In 2 Chronicles 10, King Rehoboam (son of Solomon) is asked by the people to ease the burden of work given to them. In return, they commit to faithfully serve the king.
Rehoboam decides to wait 3 days before giving an answer. He consults two groups of counselors: old men who served under his father Solomon, and young guys his own age. The old guys recommended that he ease the work of the people, serve the people, and speak good things to the people. The young guys recommended that he make the work and the punishments more harsh (maybe because they didn’t have video games back then to inflate their ego).
So Rehoboam decides to go with the counsel of the young guys, which meant becoming a tyrant over his people. The people ended up stoning to death the taskmaster placed over them, and Rehoboam had to flee.
All to often we get caught up in the black or white nature of policy. We like firm boundaries. More often than not we would rather bend people to fit around our “brilliant” policies and strategies.

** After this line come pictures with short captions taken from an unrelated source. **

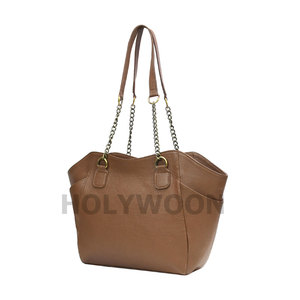 Sac en cuir pour femme de haute qualité personnalisé, sac en cuir véritable imperméable avec deux poignées - Product Image 2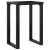 Picioare Măsuță de cafea O-Frame 60x40x43 cm Fontă GartenMobel Dekor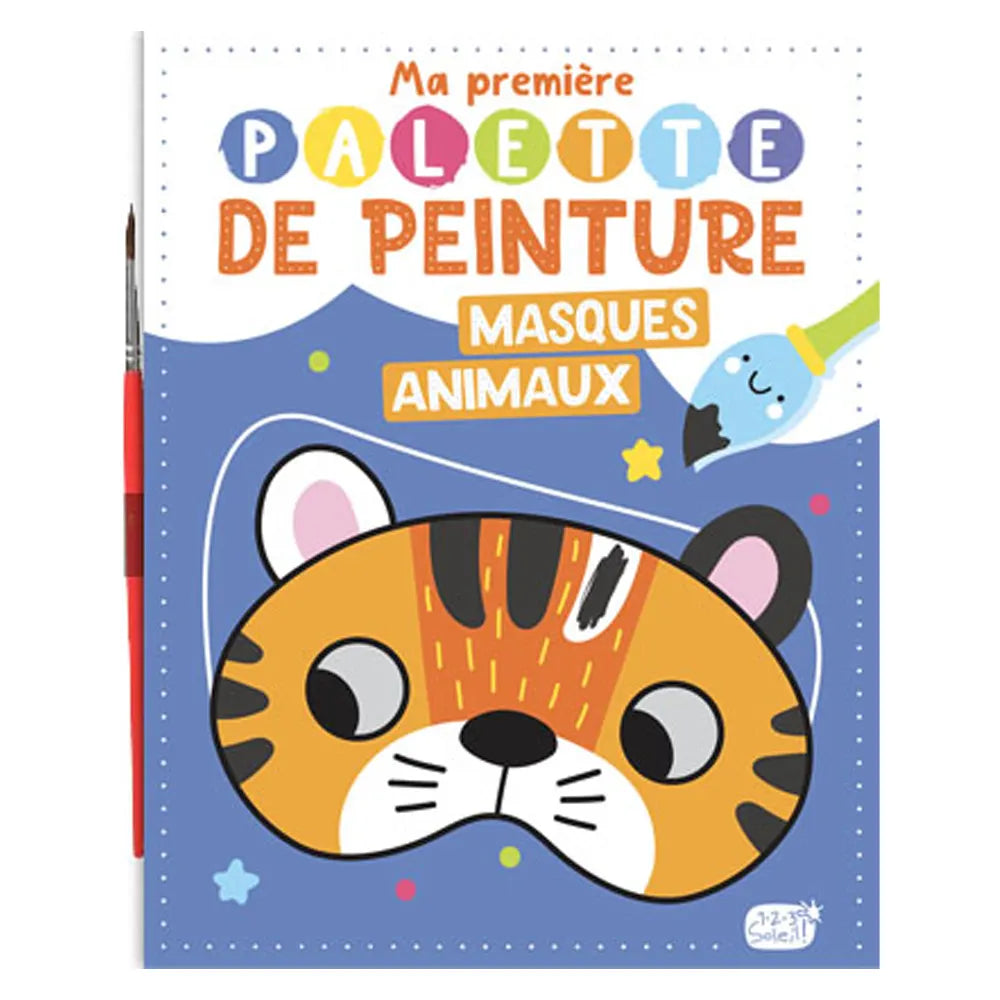 Ma Première Palette de Peinture - Masques Animaux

But did you see the counsel of the old guys? They advised him to serve the people; ease their load, and speak good words to them. The trade off? They would serve him forever.
As we lead people in churches, let us take the counsel of the old guys. While policies and guidelines are important, they do not take precedence over serving people. Life often happens in the gray area between the black and white. It’s our job to love and serve people through it, and point them to Jesus.